“O amor nunca fere
ninguém.”
Quando um relacionamento
acaba, um ou o outro ou ainda os dois se sentem feridos. Não raro há quem culpe
o amor pelo seu estado lamentável. Grandes pensadores e psicólogos que tratam
de relacionamentos afetivos dizem que “se alguém está se sentindo ferido pelo
amor, é sinal que exista outra coisa nela, que não é o amor e que está
provocando esta dor.” O que as pessoas chamam de amor pode ocultar muitas
coisas nada amorosas. A mente humana é muito astuta quando se trata de enganar
os outros e a si mesma. Normalmente a mente coloca lindos rótulos em
coisas feias, ela tenta colocar flores onde há feridas.
O
termo amor é muito mal empregado pelas pessoas. O que normalmente a maioria
chama de amor não é outra coisa do que luxúria. Esta sim acaba ferindo, porque
desejar alguém como um objeto é uma ofensa a essa pessoa. Isto realmente é um
insulto. Muito pouco tempo a luxúria consegue fingir que é amor porque bastam
alguns arranhões neste “amor” para que a verdade apareça. Olhar alguém com
luxúria é reduzir a outra pessoa a uma coisa, a uma mercadoria que se consegue
comprar em qualquer lugar. Ninguém gosta de ser usado.
Há uma grande diferença
entre luxúria e amor. Ela usa a outra pessoa para satisfazer alguns desejos.

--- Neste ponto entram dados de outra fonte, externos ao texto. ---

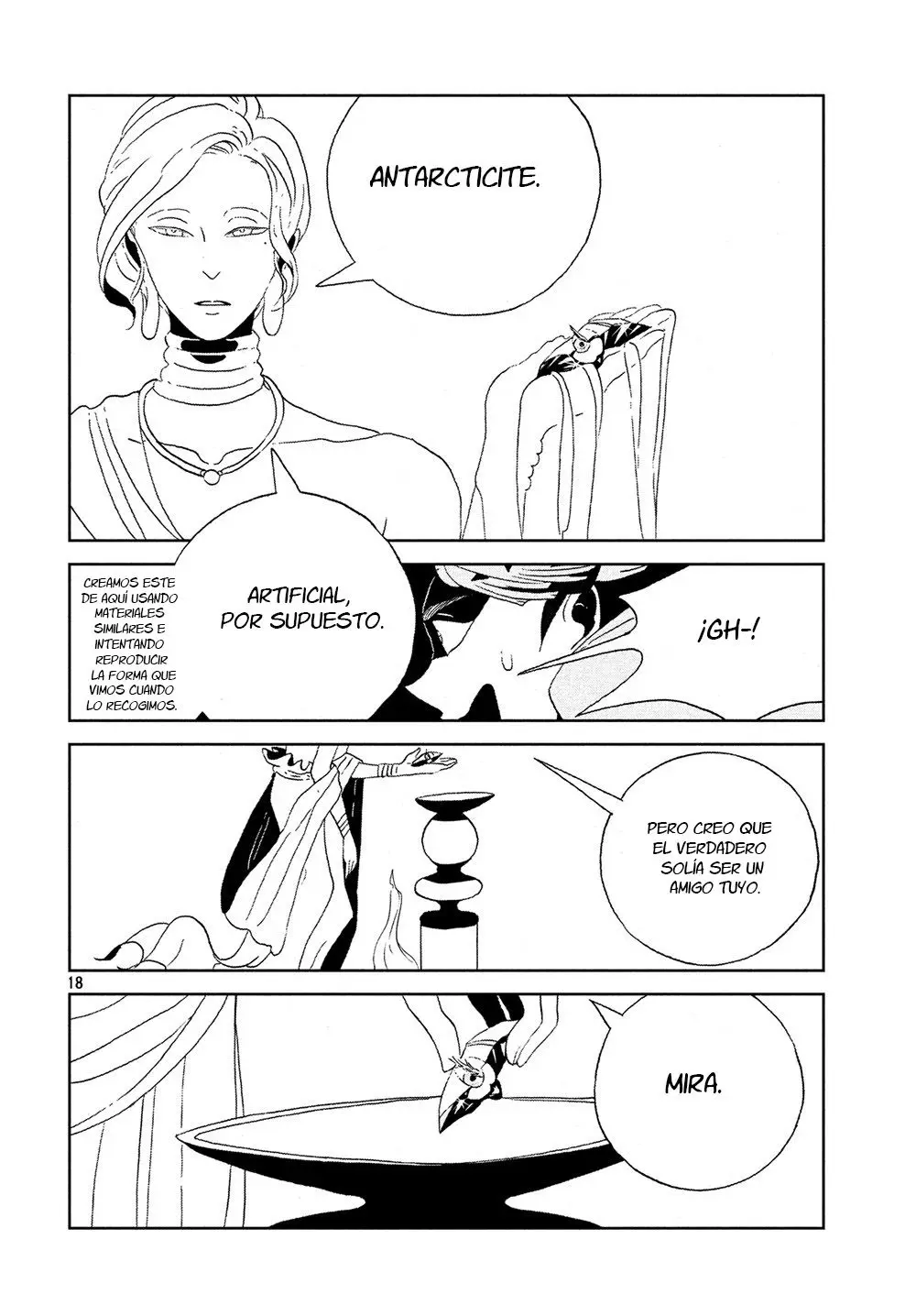 Houseki no Kuni capítulo 53 página 18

Quando estes desejos foram preenchidos o outro pode ser descartado porque não
tem mais utilidade. O Amor é o oposto. Ele respeita o outro como um fim em si
mesmo. Todavia o amor só pode ser verdadeiro se não houver um ego por trás
dele. Caso contrário só será uma viagem do ego. Isto acontece porque o desejo
de dominar está enraizado muito profundamente em cada um. Normalmente este
desejo não aparece com sua roupagem. Ele vem sempre enfeitado parecendo uma
coisa bonita.
Vejamos o exemplo de um
amor entre pais e filhos. Os pais nunca dizem que os filhos pertencem a
eles, mas sua atitude mostra que pensam assim. Os pais sempre dizem que querem
que os filhos sejam inteligentes, felizes e saudáveis, mas se tudo estiver de
acordo com a ideia que os pais fazem do que seja inteligente, saudável e feliz.
Um marido que é ciumento
e possessivo não tem amor pela esposa. Isto não passa de dominação porque na
cabeça dele ela só pode se sentir feliz com ele.
Da mesma forma as
mulheres dizem que amam seus maridos, no entanto se ele quiser encontrar seus
amigos, logo ela estará magoada porque acha que ele a está trocando por seus
amigos. Novamente aparece a figura do domínio em perigo.
O amor na forma mais pura
é alegria compartilhada. Ele não pede nada em troca. Não espera nada. O amor é
unilateral. Não é uma troca de mercadorias.
As pessoas dizem que quem
ama tem ciúme. Ciúme é medo de perder. O medo é o oposto do amor, pois ele significa
que toda a energia do amor desapareceu. O amor é aproximar-se do outro sem medo,
com plena confiança de que será recebido. O medo é uma sepultura, o amor é um
templo. No amor a vida chega ao seu apogeu, no medo a vida escorre para a
morte. O medo fede, o amor é perfumado.
Tenhamos receio do ego,
da luxúria, da ganância, da possessividade, do ciúme, mas nunca do amor. O amor
é divino. Ele é como a luz. Quando existe luz, não há escuridão. Quando existe
amor, não existe medo.
Uma bela semana de Paz,
Harmonia e muito amor.
* - *
(Continuação do livro o Poder do Agora de
Eckhart Tolle.)
Abandonando o tempo psicológico
Aprenda a usar o tempo nos
aspectos práticos da sua vida – podemos chamar de “tempo do relógio” –, mas
retorne imediatamente para perceber o momento presente, tão logo esses assuntos
práticos tenham sido resolvidos. Assim, não haverá acúmulo do “tempo
psicológico”, que é a identificação com o passado e a projeção compulsiva e
contínua no futuro.
O tempo do relógio não diz
respeito apenas a marcar um compromisso ou programar uma viagem. Inclui aprender
com o passado, para não repetir os mesmos erros indefinidamente. Estabelecer
objetivos e trabalhar para alcançá-los. Predizer o futuro através de padrões e
leis, que podem ser físicas, matemáticas, etc. Aprender com o passado e adotar
as ações apropriadas com base em nossos prognósticos.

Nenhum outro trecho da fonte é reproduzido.